第25話 江戸の大女?
そのまま、夜が明けるまで抱き着いてしくしくと泣いていたおまつさんだったが、おじさんの「迷惑だからいい加減にしなさいっ!」の一喝が効いたようで、ようやく布団に戻った。
本当にタミフルの副作用なのか?どさくさ紛れに告白したのではないかと、僕でもさすがに疑問に思う。
とはいえ、薬が効いてきたのは確かで熱は大分下がってきた。
「これで一安心かな。ああ、喉が乾いた。」
おまつさんのホールドから解放された源左衛門さんはやれやれと肩を回し、沸かしている鉄瓶からお湯を湯飲みに注いで飲み始めた。
「油断しちゃだめです。この薬は熱が下がっても体にウィルス……病気の元が残っているからと、きっちり飲みきるように指導されています。」
「薬って、あとどのくらいだ?」
「5日分ですからあと4日飲ませないと。」
「勘弁してくれ、また泣きつかれるのか。」
「源左衛門さん、そろそろ年貢の納め時なんじゃないですか?」
「ぶふぉっ!!」
源左衛門さんが飲みかけてた白湯を盛大に吹いた。
「いい人じゃないですか、おまつさん。ちょっと怖いけど、毎日差し入れするし、縁談も断ってるみたいだし、一途じゃないですか。」
「おおおお、お前に、ななななな、何がわかるっ!こここここ、こんな大女っ!」
「そりゃ、この時代だと僕と同じくらいの身長だからデカい女に入るのでしょうけど、現代から見たら普通ですよ。」
ちなみに僕は165センチだ。……だから運動苦手で帰宅部なんだが。
「お武家やら、大店の老舗の跡取りというならともかく、町人なんだからしがらみないでしょ?あ、でも八百屋の問題があるか。」
「それならば私が婿をとりますから大丈夫ですっ!」
「「お梅ちゃん?!」」
突然の乱入に僕達はびっくりしたが、よく考えれば朝だから起きていて当然か。
「お姉ちゃん、ずっとおっかさん代わりに私の面倒を見て、八百屋も手伝って、自分の幸せを犠牲にしてきたんです。八百屋ならば私がお婿さんを取れば解決します!」
お梅ちゃん、やっぱりいい子だ。
「ななななな、なんだよ、ふふふふ、二人して、そそそそそ、外堀固めやがって!」
源左衛門さんは噛みまくっている上に、湯飲みを持つ手が震えまくって白湯がこぼれまくっている。端から見ているとちょっと面白い。

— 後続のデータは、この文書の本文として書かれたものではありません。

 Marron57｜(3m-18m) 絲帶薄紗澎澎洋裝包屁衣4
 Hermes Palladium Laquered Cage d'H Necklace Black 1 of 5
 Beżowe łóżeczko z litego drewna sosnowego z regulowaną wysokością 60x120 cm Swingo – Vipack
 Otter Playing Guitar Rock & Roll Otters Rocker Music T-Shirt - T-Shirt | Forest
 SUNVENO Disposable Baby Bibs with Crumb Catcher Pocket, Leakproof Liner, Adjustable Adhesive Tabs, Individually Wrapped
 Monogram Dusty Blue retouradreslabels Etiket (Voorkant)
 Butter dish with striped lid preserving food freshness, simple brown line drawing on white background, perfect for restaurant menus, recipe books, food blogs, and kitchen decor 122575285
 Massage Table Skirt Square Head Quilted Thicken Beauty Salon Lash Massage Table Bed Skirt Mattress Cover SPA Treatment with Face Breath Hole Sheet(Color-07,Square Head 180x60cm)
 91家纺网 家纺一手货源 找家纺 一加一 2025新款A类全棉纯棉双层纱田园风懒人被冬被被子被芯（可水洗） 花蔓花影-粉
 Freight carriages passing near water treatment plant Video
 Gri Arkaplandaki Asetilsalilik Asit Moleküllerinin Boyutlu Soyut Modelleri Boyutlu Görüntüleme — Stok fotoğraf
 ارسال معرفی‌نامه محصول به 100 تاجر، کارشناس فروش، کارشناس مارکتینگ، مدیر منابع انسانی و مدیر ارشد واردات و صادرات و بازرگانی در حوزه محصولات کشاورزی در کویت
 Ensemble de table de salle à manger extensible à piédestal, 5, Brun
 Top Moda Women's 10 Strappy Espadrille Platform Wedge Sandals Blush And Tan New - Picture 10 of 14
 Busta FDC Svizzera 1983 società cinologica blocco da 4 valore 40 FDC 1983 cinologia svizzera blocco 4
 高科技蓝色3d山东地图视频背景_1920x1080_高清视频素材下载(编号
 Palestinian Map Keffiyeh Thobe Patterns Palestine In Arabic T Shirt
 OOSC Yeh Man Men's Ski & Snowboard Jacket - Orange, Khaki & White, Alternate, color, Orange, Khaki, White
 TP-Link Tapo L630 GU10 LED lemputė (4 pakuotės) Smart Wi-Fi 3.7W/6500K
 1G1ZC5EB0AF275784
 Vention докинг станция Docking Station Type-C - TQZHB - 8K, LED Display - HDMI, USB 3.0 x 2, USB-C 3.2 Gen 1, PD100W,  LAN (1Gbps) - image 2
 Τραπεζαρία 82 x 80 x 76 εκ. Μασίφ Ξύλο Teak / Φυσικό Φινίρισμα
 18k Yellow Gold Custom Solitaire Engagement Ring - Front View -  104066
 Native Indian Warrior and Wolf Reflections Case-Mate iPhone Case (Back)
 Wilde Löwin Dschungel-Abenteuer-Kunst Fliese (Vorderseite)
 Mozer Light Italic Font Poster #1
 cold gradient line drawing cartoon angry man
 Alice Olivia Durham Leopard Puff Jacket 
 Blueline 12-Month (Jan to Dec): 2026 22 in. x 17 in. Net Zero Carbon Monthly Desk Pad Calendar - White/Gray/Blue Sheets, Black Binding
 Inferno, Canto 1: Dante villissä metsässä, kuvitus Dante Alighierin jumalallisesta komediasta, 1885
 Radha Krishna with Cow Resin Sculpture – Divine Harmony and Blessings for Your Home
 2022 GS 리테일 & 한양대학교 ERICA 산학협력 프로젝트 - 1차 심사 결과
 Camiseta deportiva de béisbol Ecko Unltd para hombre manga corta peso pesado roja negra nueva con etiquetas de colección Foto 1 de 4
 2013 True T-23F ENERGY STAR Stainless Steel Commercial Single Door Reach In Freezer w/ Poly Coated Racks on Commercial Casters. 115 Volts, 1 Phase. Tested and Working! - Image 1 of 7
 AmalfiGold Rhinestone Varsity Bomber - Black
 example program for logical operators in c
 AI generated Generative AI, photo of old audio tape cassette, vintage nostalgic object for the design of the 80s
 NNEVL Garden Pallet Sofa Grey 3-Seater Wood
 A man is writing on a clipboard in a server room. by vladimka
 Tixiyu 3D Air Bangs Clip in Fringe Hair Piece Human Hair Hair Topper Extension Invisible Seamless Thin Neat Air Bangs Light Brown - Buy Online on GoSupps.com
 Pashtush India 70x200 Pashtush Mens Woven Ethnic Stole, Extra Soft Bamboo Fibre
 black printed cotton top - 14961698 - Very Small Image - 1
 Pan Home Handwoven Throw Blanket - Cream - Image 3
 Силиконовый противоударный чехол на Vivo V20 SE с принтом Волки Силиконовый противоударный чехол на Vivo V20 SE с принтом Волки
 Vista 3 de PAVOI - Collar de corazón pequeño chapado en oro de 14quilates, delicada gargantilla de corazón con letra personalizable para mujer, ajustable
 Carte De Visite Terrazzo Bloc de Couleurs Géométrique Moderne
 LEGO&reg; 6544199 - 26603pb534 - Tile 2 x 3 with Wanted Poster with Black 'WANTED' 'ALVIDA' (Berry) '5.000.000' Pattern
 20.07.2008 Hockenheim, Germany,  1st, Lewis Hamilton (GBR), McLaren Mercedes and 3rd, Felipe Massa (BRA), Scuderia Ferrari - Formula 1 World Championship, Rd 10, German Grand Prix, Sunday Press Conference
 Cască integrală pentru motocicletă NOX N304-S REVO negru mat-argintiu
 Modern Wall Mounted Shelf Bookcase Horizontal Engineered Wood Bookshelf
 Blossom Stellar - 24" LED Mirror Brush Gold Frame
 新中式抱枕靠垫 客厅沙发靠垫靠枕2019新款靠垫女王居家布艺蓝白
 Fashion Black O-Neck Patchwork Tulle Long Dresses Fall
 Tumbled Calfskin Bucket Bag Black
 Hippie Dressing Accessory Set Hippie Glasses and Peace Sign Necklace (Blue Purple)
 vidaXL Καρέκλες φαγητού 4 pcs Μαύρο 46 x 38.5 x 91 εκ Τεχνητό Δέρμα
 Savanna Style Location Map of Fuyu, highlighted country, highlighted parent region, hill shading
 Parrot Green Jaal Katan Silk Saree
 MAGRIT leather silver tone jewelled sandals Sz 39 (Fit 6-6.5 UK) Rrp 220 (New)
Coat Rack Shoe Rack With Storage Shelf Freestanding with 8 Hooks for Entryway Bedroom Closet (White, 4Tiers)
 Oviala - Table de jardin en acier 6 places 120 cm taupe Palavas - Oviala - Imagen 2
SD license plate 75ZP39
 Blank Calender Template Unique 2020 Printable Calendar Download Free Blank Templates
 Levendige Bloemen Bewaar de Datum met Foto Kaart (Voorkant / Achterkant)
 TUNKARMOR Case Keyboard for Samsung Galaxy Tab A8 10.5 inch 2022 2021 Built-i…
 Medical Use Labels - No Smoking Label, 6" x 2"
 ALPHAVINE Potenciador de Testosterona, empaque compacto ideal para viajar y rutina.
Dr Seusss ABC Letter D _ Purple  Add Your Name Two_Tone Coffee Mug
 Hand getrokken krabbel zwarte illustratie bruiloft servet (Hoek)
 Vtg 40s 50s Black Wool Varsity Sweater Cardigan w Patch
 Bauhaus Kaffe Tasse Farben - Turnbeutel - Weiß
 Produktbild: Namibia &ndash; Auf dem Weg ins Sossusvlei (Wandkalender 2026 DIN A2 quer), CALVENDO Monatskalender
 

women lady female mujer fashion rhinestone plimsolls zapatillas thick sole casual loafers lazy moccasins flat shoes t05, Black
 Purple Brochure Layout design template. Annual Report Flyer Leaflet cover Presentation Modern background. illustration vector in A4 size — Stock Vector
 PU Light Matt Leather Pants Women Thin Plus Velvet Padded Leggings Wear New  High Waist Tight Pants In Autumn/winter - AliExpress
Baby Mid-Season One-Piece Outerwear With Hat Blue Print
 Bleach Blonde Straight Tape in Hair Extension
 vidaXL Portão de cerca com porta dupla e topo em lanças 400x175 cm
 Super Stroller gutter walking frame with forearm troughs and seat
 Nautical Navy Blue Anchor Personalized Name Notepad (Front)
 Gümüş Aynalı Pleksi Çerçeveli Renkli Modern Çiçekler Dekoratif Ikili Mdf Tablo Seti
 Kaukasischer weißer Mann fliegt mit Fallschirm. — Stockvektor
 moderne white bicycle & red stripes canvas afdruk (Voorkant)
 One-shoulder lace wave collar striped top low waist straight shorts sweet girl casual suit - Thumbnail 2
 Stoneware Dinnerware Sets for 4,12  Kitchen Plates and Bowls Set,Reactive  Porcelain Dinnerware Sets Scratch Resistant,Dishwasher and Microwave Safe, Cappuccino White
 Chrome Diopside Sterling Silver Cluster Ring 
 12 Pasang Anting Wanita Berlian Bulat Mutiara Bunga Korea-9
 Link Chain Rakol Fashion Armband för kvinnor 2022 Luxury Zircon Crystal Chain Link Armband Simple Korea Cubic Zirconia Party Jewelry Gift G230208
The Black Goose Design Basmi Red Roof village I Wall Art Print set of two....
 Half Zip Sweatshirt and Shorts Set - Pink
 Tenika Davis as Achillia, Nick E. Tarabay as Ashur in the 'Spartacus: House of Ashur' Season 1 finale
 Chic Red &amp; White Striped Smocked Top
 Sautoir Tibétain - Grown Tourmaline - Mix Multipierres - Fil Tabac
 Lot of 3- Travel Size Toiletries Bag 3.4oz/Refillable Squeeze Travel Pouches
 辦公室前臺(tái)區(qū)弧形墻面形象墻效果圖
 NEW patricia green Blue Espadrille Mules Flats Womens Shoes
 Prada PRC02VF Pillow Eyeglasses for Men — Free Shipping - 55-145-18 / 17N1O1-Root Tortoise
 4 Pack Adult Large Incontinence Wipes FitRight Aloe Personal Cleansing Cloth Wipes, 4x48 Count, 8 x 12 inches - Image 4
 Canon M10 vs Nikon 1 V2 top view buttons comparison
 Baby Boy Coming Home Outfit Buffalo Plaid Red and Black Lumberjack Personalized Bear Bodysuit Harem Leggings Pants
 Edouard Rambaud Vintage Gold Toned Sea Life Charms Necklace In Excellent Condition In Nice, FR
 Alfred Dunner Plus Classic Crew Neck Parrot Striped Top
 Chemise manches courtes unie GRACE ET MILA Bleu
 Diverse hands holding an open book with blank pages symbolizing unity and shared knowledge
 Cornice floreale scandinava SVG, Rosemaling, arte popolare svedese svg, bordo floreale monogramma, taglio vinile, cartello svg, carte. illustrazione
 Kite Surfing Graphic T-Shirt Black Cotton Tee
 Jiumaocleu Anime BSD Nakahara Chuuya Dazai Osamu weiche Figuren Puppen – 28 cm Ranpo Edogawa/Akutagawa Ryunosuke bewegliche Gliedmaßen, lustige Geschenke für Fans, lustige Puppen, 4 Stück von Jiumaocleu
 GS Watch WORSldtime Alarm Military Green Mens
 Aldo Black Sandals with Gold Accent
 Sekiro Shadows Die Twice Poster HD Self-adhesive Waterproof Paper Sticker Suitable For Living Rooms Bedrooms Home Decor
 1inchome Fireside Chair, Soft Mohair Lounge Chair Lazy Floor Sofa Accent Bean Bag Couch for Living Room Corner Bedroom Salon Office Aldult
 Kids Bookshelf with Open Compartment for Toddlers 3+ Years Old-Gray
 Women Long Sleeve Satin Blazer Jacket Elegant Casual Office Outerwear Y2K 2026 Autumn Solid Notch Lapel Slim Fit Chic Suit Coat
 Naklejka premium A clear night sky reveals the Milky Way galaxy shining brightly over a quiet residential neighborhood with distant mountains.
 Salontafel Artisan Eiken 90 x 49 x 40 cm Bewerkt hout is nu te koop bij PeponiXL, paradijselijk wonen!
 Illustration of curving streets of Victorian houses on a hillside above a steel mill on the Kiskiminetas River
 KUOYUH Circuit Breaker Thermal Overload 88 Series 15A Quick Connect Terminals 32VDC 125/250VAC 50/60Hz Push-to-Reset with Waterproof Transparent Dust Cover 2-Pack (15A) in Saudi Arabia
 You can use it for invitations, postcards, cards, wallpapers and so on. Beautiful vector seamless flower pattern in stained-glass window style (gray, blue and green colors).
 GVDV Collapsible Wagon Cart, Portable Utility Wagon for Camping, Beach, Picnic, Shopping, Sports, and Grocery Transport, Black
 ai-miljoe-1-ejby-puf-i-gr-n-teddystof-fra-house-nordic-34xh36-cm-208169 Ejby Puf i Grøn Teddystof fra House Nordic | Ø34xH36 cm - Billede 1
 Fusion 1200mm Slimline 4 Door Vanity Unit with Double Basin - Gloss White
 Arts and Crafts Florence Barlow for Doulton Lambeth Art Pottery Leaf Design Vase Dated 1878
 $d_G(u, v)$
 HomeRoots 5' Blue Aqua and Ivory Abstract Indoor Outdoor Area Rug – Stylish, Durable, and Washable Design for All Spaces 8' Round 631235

「これ、お梅。病人が寝ているのだよ。静かにしなさい。」
「ごめんなさい、おっとさん。」
おじさんの掛け声で一旦は静かになり、この話題はお預けとなった。
しかしなあ、江戸の街は独身男性ばかりと以前聞いてたから、チャンスじゃないのかな?と僕は思うのだ。それに直感とはいえ、タイムパラドックスの問題もあるから、とにかく女性とくっついてもらわないと。
※江戸時代の人達の体格は現代人より小さかったことは、遺跡から発掘された骨から判明しています。
それによると、平均して男性は155センチ前後、女性は145センチ前後とされています。
おまつさんは現代人の佑真と同じくらいの165センチと言う訳ですから、江戸時代では大女という訳です。ちなみに体重に関してははっきりしていません。体重を測る人がいなかったためほとんど記録にないそうです。
…作者もこの時代に生まれていたら、体重なんて気にしなくて済んだのだろうか。